Le manifeste de Gabriel Monod en 1983 marqua un tournant dans le développement de l’histoire en affirmant sa fonction civique : il s’agit de « rechercher la vérité »et de faire de la discipline « le dépositaire des traditions de son peuple et de celles de l’humanité », « C’est par là que tous se sentiront les rejetons du même sol, les enfants de la même race, ne reniant aucune part de l’héritage paternel », l’historien participera ainsi « à la grandeur de la Patrie en même temps qu’au progrès du genre humain ».
Crise économique, naissance du socialisme et bases de la sociologie
Entre 1870 et 1880, l’Europe traverse une profonde crise économique. Le peuple est confronté au chômage et à la misère et s’emploie donc à utiliser les nouveaux moyens de communication à distance (la presse écrite, le téléphone, le télégraphe) pour amplifier le mouvement de contestation. Le socialisme s’impose alors sur la scène politique en promettant une révolution qui mettra fin à l’exploitation de l’homme par l’homme.
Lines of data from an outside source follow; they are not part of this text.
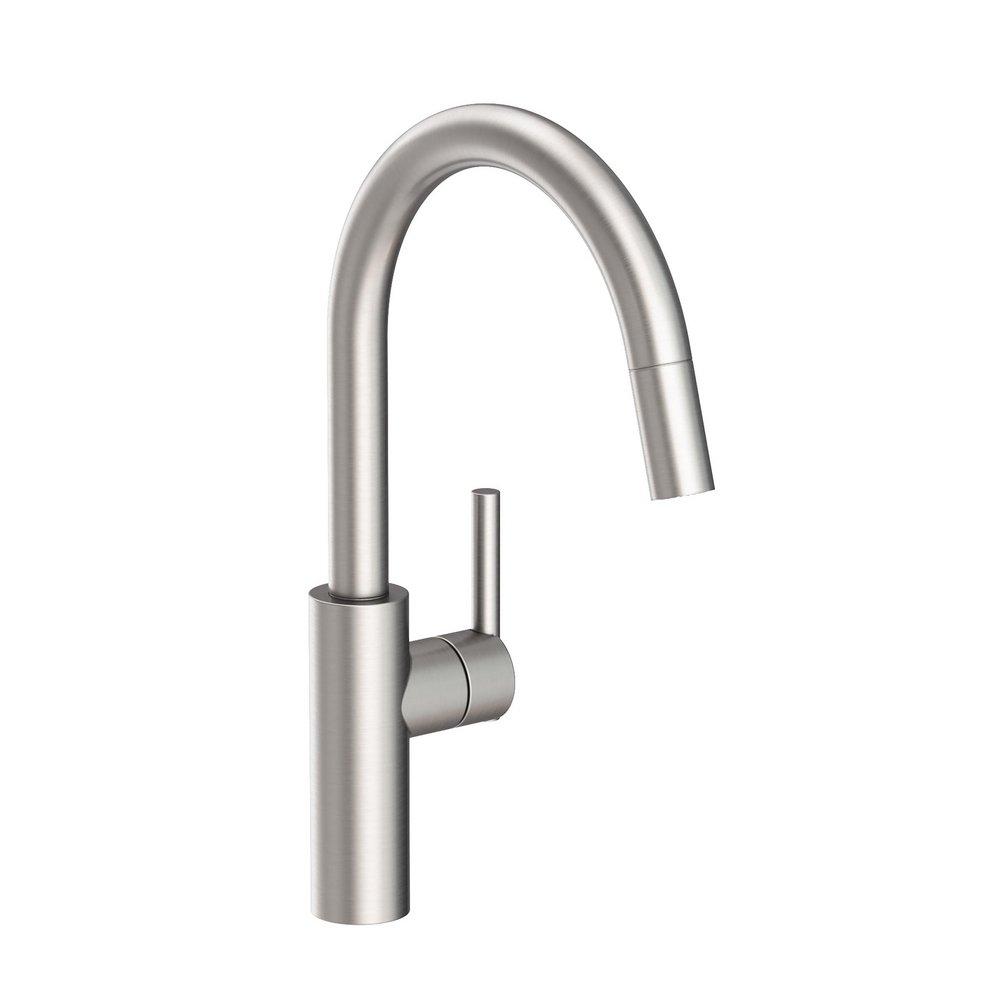 Newport Brass Stainless Steel - PVD Single Handle Pull Down Kitchen Faucet 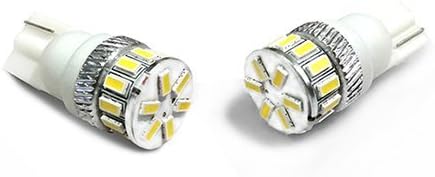 2x T10 194 168 2825 LED SUPER BRIGHT 6 SMD 5630 White Plug and Play Car Lights Bulb 360 DEGREES CAN BUS WEDGE WHITE 220LM JDM JAPANESE NEW 2016 MODEL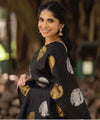 Black Jacquard Silk Saree | Festival & Ceremony Wear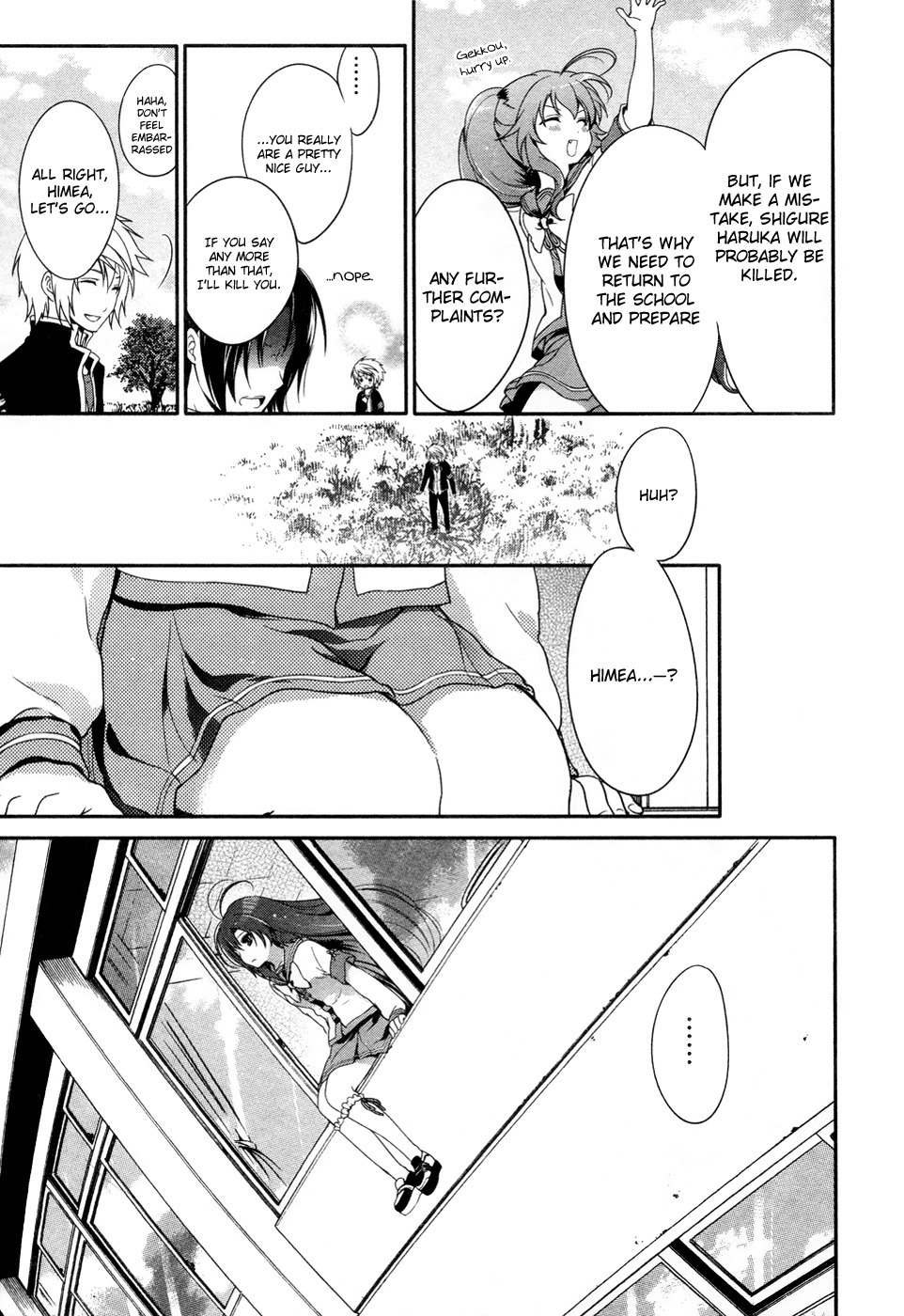 Itsuka Tenma no Kuro Usagi Chapter 18 page 38 - Chapter 18: <> and <>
C’est dans ce contexte que naît la sociologie, traduction du socialisme dans le champ intellectuel. Tout comme l’histoire, elle entend utiliser une démarche empirique, produire des données objectives et se définit comme une science historique dans la mesure où elle s’appuie sur le passé pour comprendre les sociétés humaines.
Divergences entre histoire et sociologie
La première distinction tient à la considération des évènements passés. Pour les historiens, chaque fait est unique et ne peut donc se reproduire. En ce sens, l’histoire ne peut être un outil d’étude du présent. Les sociologues, eux, perçoivent la subjectivité des historiens, en tant qu’êtres humains : les recherches sur le passé sont obligatoirement influencées par la perception du chercheur. Il est donc indispensable de construire le questionnement permettant la comparaison dans l’espace et dans le temps des phénomènes sociaux.
La seconde divergence tient à l’objet d’étude des deux disciplines. L’histoire ne s’attache pas à l’individu mais davantage aux nations, aux Etats ou encore aux grands mouvements politiques et sociaux. La sociologie considère ces entités comme appartenant au champ politique et se refuse donc à les employer. Max Weber dira ainsi qu’il faut déconstruire ces entités collectives afin de retrouver les atomes élémentaires. La sociologie ne se considère pas pour autant comme une science de l’individu (occupée par la psychologie) mais comme l’étude des relations qui lient les individus entre eux.
Enfin, historiens et sociologues ne partagent pas la même conception de leur rôle. Alors que l’histoire entend répondre aux questions des gouvernements, la sociologie souhaite contribuer à «éduquer le jugement sur des questions pratiques pour donner aux citoyens des armes qui leur permettront de penser et d’agir de façon plus autonome» (Max Weber).